The confusion here largely arises because there are multiple data generating processes consistent with the joint model P(y, Z, \psi, \theta). If multiple observations are made from the same Z then we have the process

\begin{align*} \psi, \theta &\sim P(\psi, \theta) \\ Z &\sim P(Z | \psi, \theta) \\ y_{n} &\sim P(y | Z, \psi, \theta) \end{align*}

On the other hand if Z varies with each observation then we have

\begin{align*} \psi, \theta &\sim P(\psi, \theta) \\ Z_{n} &\sim P(Z | \psi, \theta) \\ y_{n} &\sim P(y | Z_{n}, \psi, \theta) \end{align*}

This distinction doesn’t effect posterior inferences, but it will change the interpretation of the data generating process and hence they generation of retrodictive simulations that exactly match the assumed data generating process. If Z is fixed then retrodictive y_{n} are simulated conditional on Z, and otherwise we have to first simulate retrodictive Z_{n} before simulating the retrodictive y_{n}.
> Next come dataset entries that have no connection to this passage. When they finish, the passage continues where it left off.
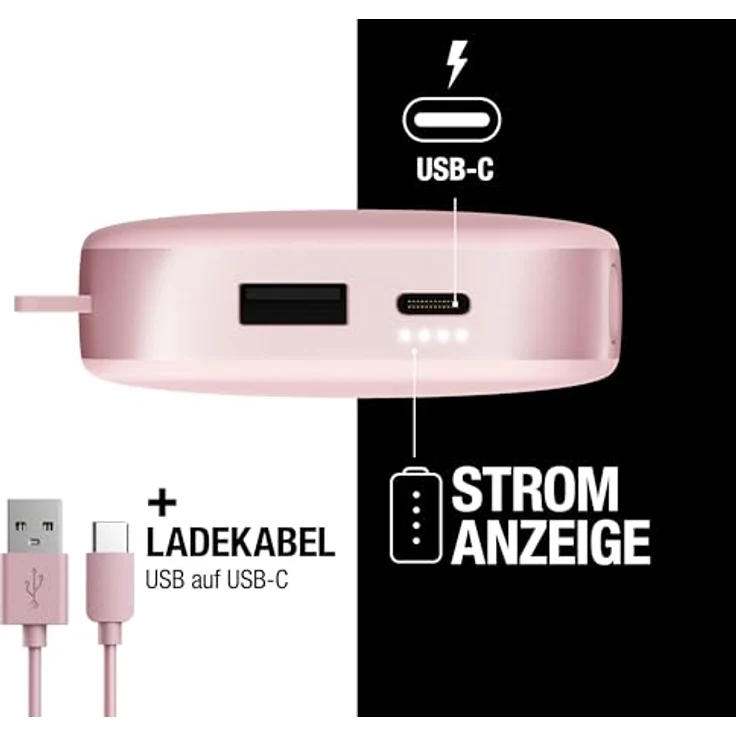 FRESH N REBEL 2PB12100PP Ultra Fast Charge Powerbank 12000 mAh, 20W PD, Pastellpink, für schnelles Laden und 6 Sicherheitsfunktionen – Bild 6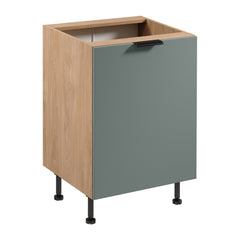 Unterschrank D60 P/L - Sorento Grün Sonoma Eiche - Grün/Sonoma Eiche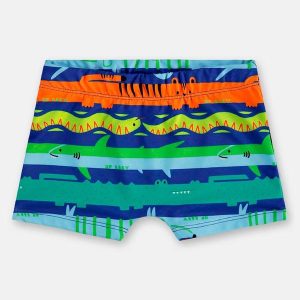 Sunga Boxer Infantil Fps+50 com Forro Up Baby Azul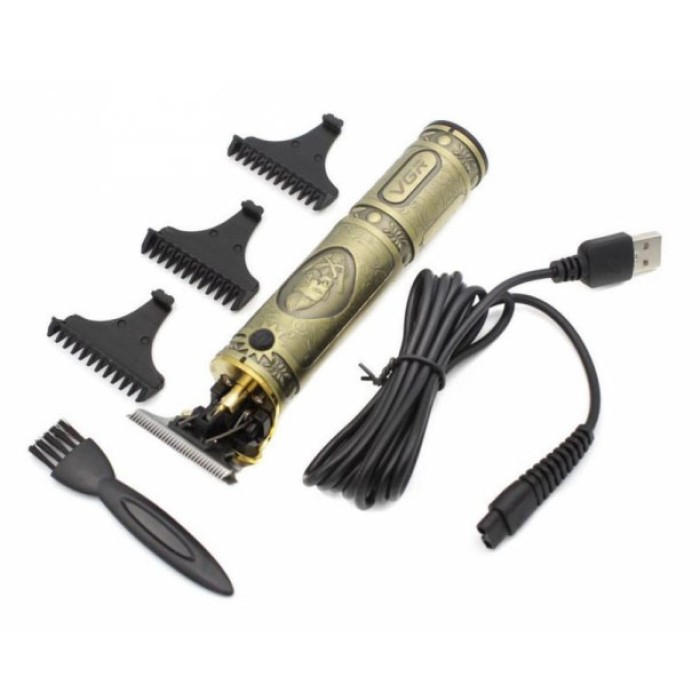 Машинка для стрижки бороді VGR, Професійна бритва-машинка для стрижки волосся, Тример бездротовий GI-25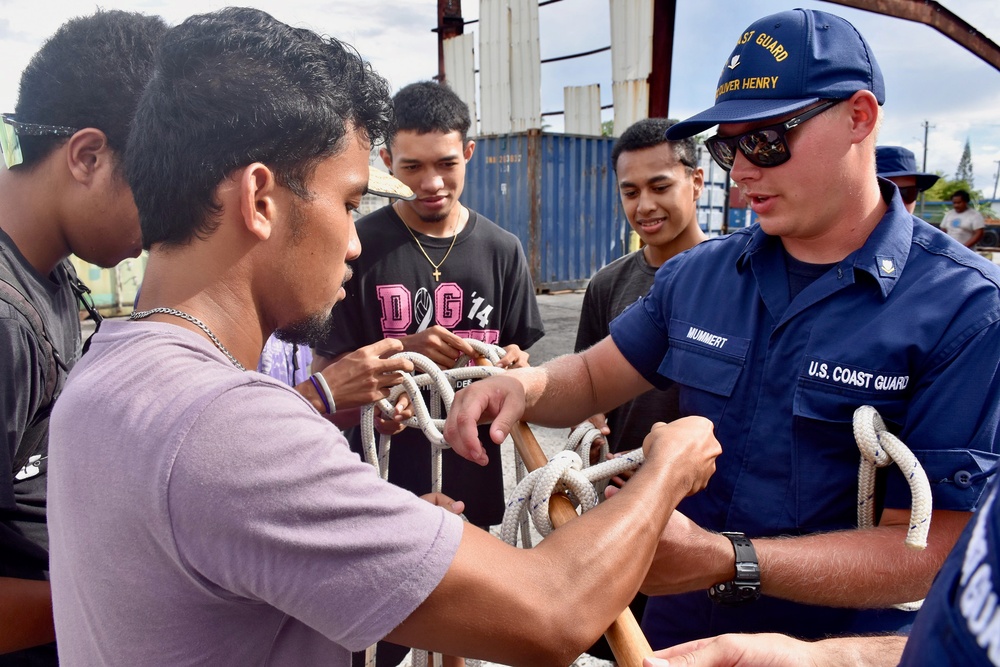 U.S. Coast Guard invests time with partners in Yap during Operation Rematau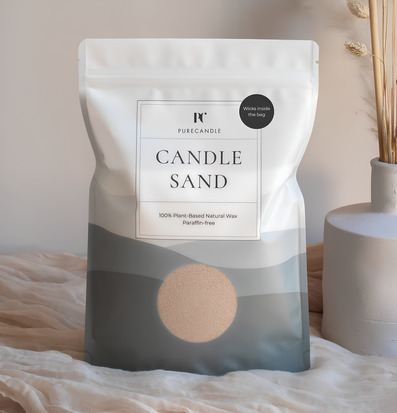 Dessert Sand Ljussand Inkl Vekar PureCandle Ljus Stearinljus Värmeljus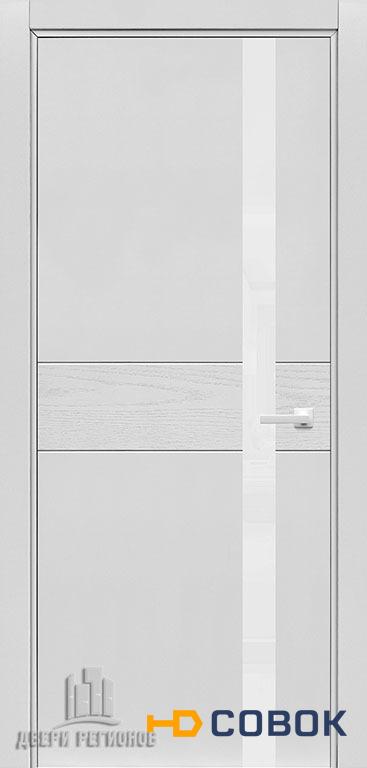 Фото Дверь межкомнатная S2 Белое стекло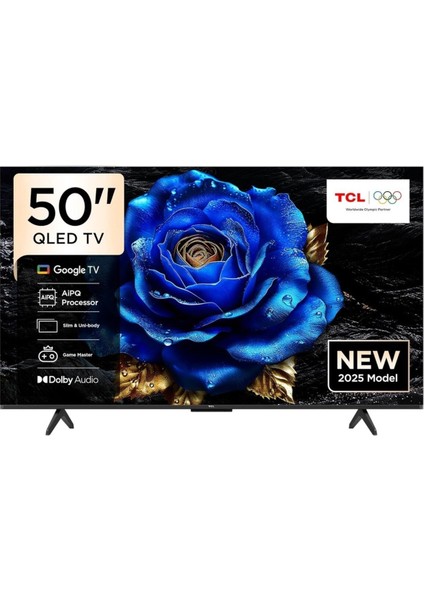 50T6C 50" 127 Ekran Uydu Alıcılı 4K Ultra Hd Google QLED Tv 2025
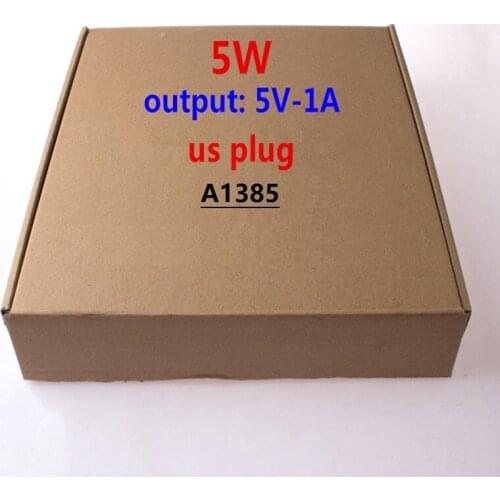 100Pcs High Quality A1400 A1385 US/EU Plug USB AC Power Adapter Wall Charger For Phone 6s 7 8 PLUS XS Max With retail package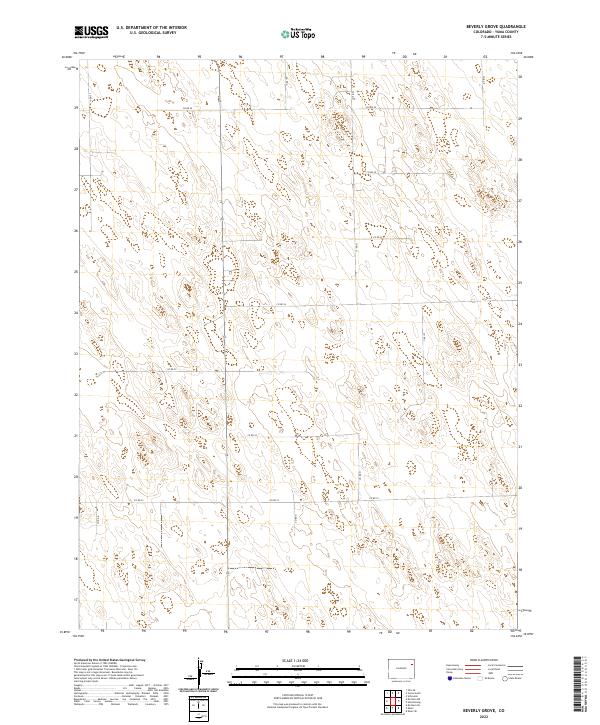 Beverly Grove, CO — USGS 7.5-minute topo (2022)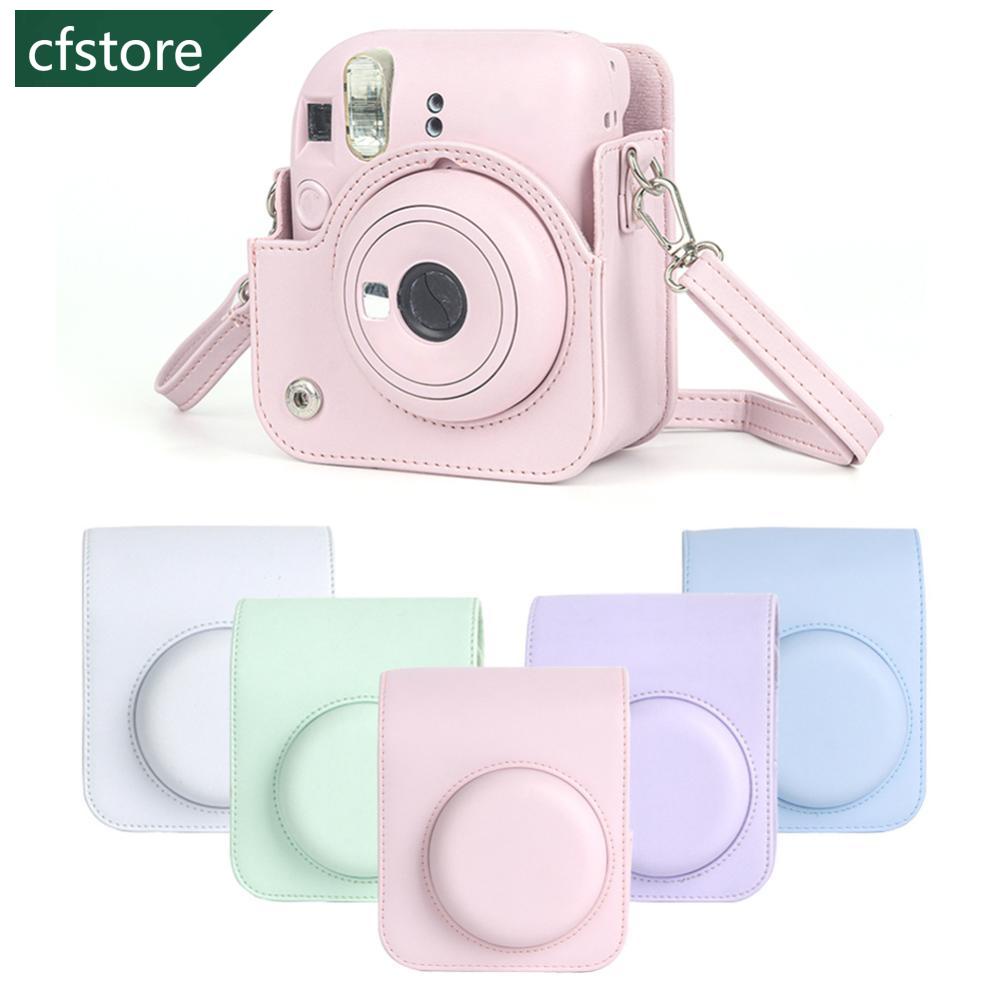 CFSTORE Para Instax Mini 12 Bolsa Câmera Protetora Macia De Couro PU Fujifilm Film Bag Com Alça Ombr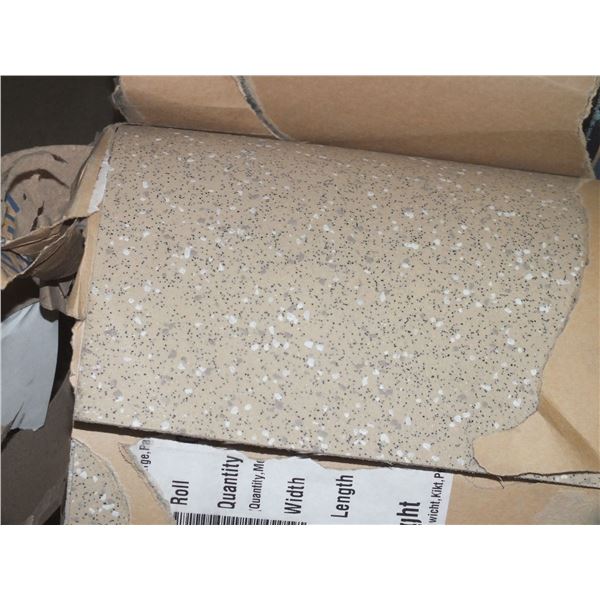 1 Roll Of Gritty Linoleum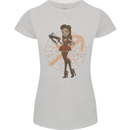 Sagittarius Steampunk Woman Zodiac Womens Petite Cut T-Shirt Sports Grey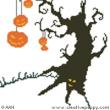 Halloween Tree - cross stitch pattern - by Alessandra Adelaide Needleworks (zoom 1)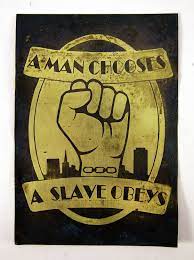 A Man Chooses A Slave Obeys, Bioshock Inspired Art, Metal Artwork. A  Groundbreaking New Way to Display Your Preferred Art. Poster - Etsy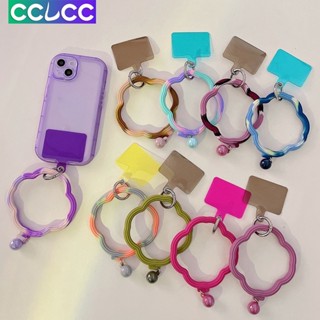 Cclcc สายคล้องโทรศัพท์มือถือ ซิลิโคนนุ่ม รูปดอกไม้ กันหาย แบบพกพา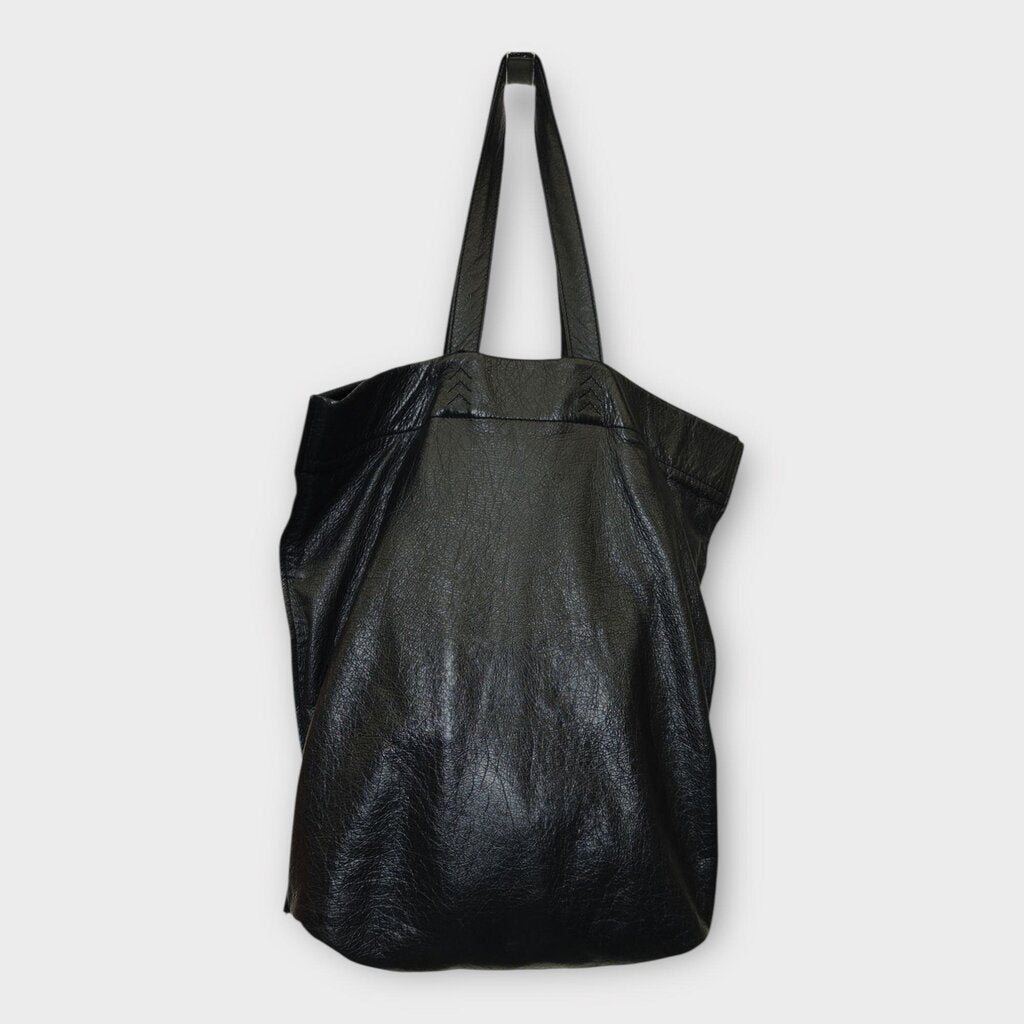 Balenciaga FW2018 Black Leather Europa! Shopper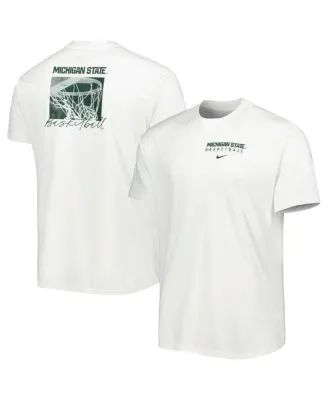 Men's Nike #21 White/Green Michigan State Spartans Replica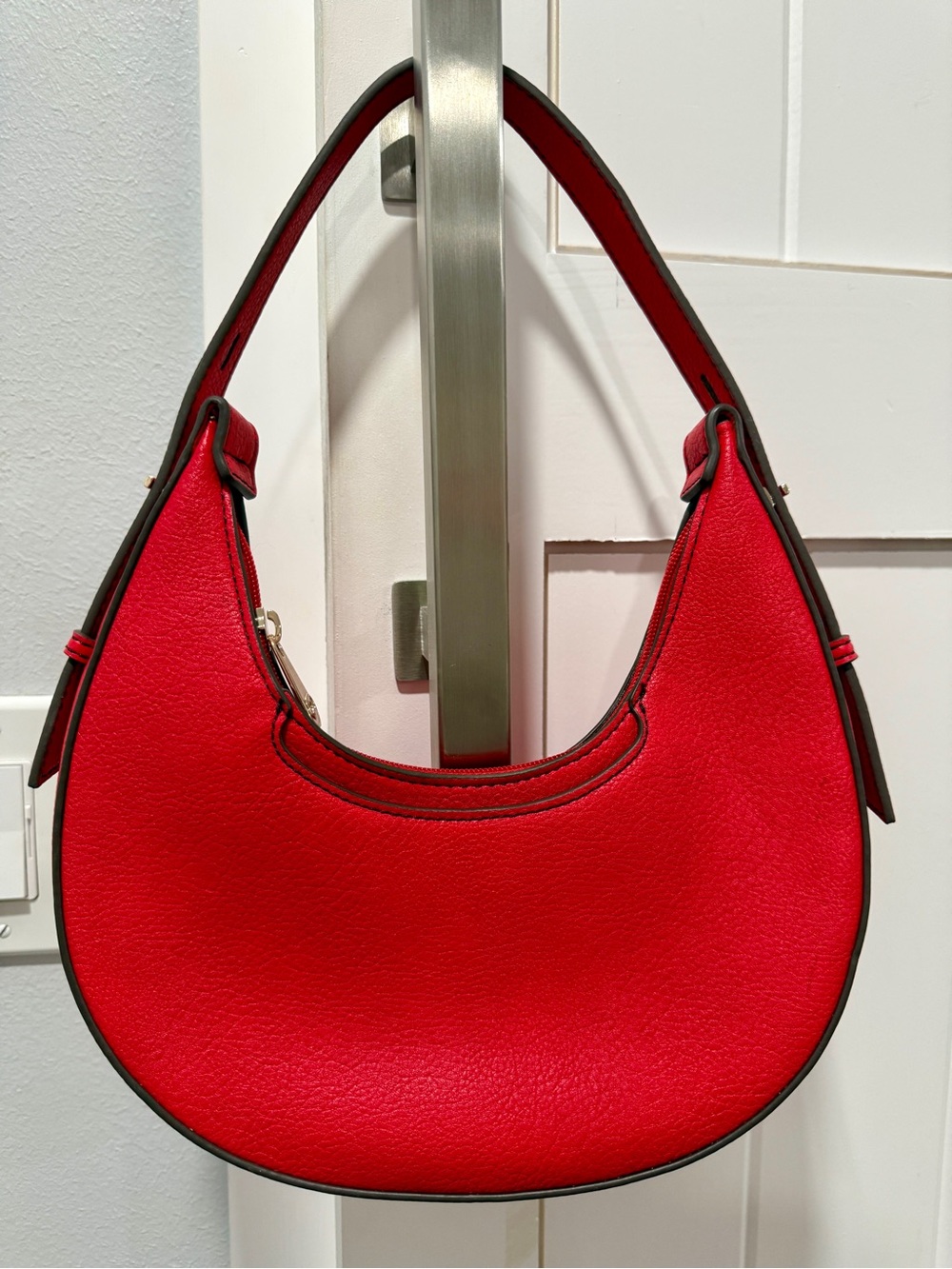Red Liz Claiborne Crescent Shoulder Bag - Women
This only gets more confusing when we consider the fact that we can use the inferences from this model to not just make retrodictions but also predictions in other circumstances. In that case we can make predictions both for hypothetical data generating processes where Z is fixed and processes where Z varies! But only one of these hypothetical processes will match the assumed data generating process that generated the observed data.

2 Likes

That’s hilarious! Bummer, though, that it gives a more distasteful flavor to the language. I like calling Z something other than “parameter” since for many important applications (e.g. LOO) the “likelihood” does not condition on Z. And this is true in general for all zero-inflated count models.

My feeble mind likes to latch on to the idea of likelihood as P(\mathrm{data}|\mathrm{parameters}), so I’ll avoid calling Z a parameter whenever possible.

I’ll pushback a bit here. Every mixture model can be interpreted as a single, fixed but unknown group index common to all observations or group indices that very from observation to observation, which means every one of these models has the same ambiguity. In many fields one of these options often becomes convention, but that doesn’t mean that it becomes a general truth!

Again when constructing posterior inferences the difference between the two perspectives doesn’t matter, but when you want to make retrodictions or predictions the two perspectives diverge because retrodictions and predictions depend on more details of the assumed generate process. I think that it’s much more clear to explicitly specify which of those processes you’re assuming instead of relying on an assumed notational convention that may or may not be understood by others.